The whole listing needs to be written out exactly, except for any images.

RECORDED DATA START

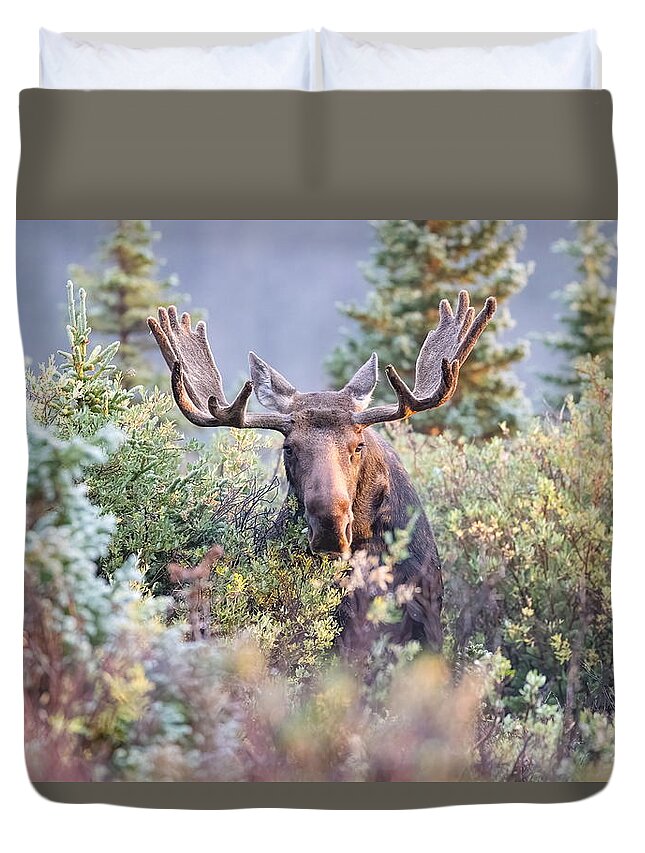 Moose Duvet Cover featuring the photograph Moose Bull Grazing in the Early Morning Light v2 by Tony Hake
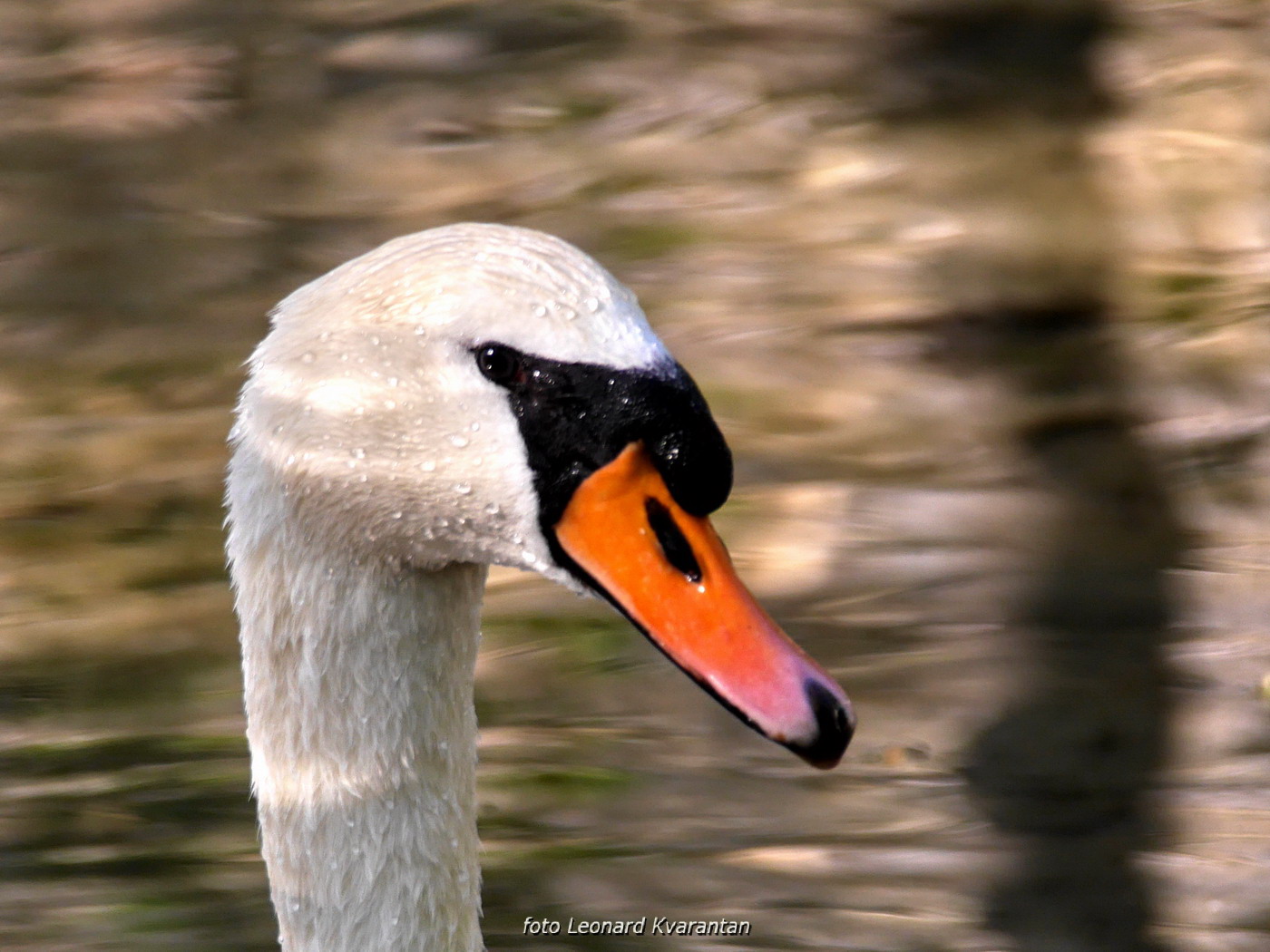 Nedjeljni izlet u Nacionalni park Krka Nedjeljni izlet u Nacionalni park Krka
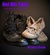 Not His Type (Opposites Attract, #1)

RECORDED DATA END

## ANSWER FOR THIS EXERCISE
 Moose Duvet Cover featuring the photograph Moose Bull Grazing in the Early Morning Light v2 by Tony Hake
 Nedjeljni izlet u Nacionalni park Krka Nedjeljni izlet u Nacionalni park Krka
 Not His Type (Opposites Attract, #1)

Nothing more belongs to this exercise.